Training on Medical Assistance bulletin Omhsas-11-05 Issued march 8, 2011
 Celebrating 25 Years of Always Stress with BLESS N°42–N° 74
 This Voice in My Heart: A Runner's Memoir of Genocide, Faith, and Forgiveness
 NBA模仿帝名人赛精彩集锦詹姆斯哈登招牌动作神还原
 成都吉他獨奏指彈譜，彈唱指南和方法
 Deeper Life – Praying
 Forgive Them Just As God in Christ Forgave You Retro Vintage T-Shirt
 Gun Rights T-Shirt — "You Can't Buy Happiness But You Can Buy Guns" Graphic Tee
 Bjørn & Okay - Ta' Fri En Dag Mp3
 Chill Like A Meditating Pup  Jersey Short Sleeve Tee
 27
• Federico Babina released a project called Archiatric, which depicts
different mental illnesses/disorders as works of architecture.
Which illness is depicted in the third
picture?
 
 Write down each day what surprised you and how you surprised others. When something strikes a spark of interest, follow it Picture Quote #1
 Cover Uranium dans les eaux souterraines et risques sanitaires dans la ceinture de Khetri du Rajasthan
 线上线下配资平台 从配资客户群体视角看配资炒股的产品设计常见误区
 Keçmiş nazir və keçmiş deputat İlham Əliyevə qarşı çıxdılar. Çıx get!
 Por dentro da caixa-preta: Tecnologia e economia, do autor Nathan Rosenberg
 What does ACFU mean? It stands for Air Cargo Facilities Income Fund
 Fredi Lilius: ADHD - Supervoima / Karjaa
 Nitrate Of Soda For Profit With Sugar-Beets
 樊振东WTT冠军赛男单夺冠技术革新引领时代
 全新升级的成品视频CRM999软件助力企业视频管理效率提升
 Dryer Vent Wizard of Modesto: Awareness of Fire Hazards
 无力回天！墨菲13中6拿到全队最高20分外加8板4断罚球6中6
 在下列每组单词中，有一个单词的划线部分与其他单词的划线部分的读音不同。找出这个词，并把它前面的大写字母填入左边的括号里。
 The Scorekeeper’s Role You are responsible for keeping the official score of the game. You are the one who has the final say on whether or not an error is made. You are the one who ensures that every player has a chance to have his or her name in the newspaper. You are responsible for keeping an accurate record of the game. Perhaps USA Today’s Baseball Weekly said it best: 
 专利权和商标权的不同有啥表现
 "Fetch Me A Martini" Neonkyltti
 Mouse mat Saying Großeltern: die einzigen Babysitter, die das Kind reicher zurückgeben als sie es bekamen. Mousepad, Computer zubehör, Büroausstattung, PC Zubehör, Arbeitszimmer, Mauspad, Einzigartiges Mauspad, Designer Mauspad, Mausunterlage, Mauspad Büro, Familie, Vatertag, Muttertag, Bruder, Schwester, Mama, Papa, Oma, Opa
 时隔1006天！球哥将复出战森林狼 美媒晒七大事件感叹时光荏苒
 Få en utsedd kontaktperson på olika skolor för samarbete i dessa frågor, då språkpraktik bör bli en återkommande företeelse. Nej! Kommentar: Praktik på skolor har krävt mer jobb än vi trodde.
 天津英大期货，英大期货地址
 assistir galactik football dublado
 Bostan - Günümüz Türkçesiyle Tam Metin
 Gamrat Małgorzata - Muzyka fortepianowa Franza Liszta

**Brief**
Your answer must be the lines above from the one containing "Cover Uranium dans" to the one containing "全新升级的成品视频CRM999软件助力企业视频管理效率提升", both included, restated word for word.

**Finished task**
 Cover Uranium dans les eaux souterraines et risques sanitaires dans la ceinture de Khetri du Rajasthan
 线上线下配资平台 从配资客户群体视角看配资炒股的产品设计常见误区
 Keçmiş nazir və keçmiş deputat İlham Əliyevə qarşı çıxdılar. Çıx get!
 Por dentro da caixa-preta: Tecnologia e economia, do autor Nathan Rosenberg
 What does ACFU mean? It stands for Air Cargo Facilities Income Fund
 Fredi Lilius: ADHD - Supervoima / Karjaa
 Nitrate Of Soda For Profit With Sugar-Beets
 樊振东WTT冠军赛男单夺冠技术革新引领时代
 全新升级的成品视频CRM999软件助力企业视频管理效率提升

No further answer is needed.